第4章7話「自由」
「バラバイさんがピューラン?」
「あぁそうだ。そして奴はピューランでありながら、騎士の道へ…」
ヌーシャルは唇を噛みしめて、苦い顔をしている。
「えっと、でもどうしてライバルなんですか?」
「おお!聞いてくれるか?これは長い、なが~い話になるが、それはだな…」
「失礼致しますっ!!」
「んんっ?」
「ん?」
二人揃って声のした方を見ると、半開きになっていた扉に軽いノックをして、会話を遮る青年がいた。
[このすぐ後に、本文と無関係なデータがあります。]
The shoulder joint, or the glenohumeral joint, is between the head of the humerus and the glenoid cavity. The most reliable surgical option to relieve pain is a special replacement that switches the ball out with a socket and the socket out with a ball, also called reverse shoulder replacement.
「お取り込み中、申し訳ありません。ヌーシャル様お目にかかれて光栄です。少しお時間よろしいでしょうか?」
「んん?はてさてキミは誰かね?」
「わたくしはラカン伯爵の遣い。例のモノを受け取りに参上しました」
青年は礼儀正しくお辞儀しながら言った。
(ラカン伯爵って確か、背が伸びる薬の……)
「あちゃー、噂をすれば来おったわい。ぐぬぬ…。……ほれほれ、キミはもう出てってくれるかね?見ての通り私は忙しいのだよ」
ヌーシャルは顔を歪めながら、シッシッと手を払う仕草をする。
「えっ?ちょっと待ってください。まだお話が…」
「そんなに学びたければ、魔法学校にでも行けばよかろう。わたし程の大魔導師になると忙しいのだ」
「そんな……、もう少しだけ…」
「あぁっ、もう仕方ない!なら最後に魔法を見せてやろう」
「えっ?」
「ではまた会おうぞ……。テサ・タリア!」
ヌーシャルが右手を少し挙げてそう唱えた。
するとビュッと髪が舞い、思わず目を閉じる。
「っ!?」
次の瞬間には強い突風に煽られ、どんどん押されていく。
「わわわっ?!」
そしてあれよあれよという間に、部屋の外に押し出されていった。
最後に小さな段差につまずき、盛大に尻もちをつく。
「アイタタタ…」
「あちゃぁ~!やってもうたわい…」
ヌーシャルがそう呟くのが聞こえると、もう魔法の突風が無くなっていた。
お尻をさすりながら、部屋の中の二人を見る。
青年は目をまんまるにして私を見ていた。
そしてヌーシャルは少しバツの悪そうな顔をしている。
「こ、断っておくが、転んだのは私のせいではないからな。ではさらば。……ルベン・ツイーニヤ!」
ヌーシャルがまた呪文を唱えると、今度はひとりでにピシャリと扉が閉まった。
そして鍵がかかった音を最後に、私は閉め出されてしまった。
あてがわれた自室に戻ると、再びお尻をさする。
まだジンジンと痛みがあり、いたわりながらそっとベッドに腰かけた。
「むー。確かに忙しそうだったし、魔法はすごかったけど……。女の子に対して実力行使だなんて」
腹立たしく思う。
「もう忘れよう……。さて、これからどうしよう?私も何か仕事しなくちゃ。王様に呪いをかけてる影の主導者探し、手伝おうかな?……それにしても……」
『ぐぅ~~』
「お腹空いた」
『コンコンっ!コンコンコンっ!』
「ルーフェンさーん?……いますか?」
少し待っても返事がない。
「ルーフェンさん?開けますよ?」
思いきってルーフェンの部屋の扉を開ける。
「いない。どこ行っちゃったんだろ?」
昼食を一緒に食べようと約束していたのに。
「それにしても、かなり散らかってるみたい」
ベッドの上には衣類が置かれていた。そして比較的大きなテーブルの上には、楽器と短剣があり、手入れしていたのか、その道具が散乱していた。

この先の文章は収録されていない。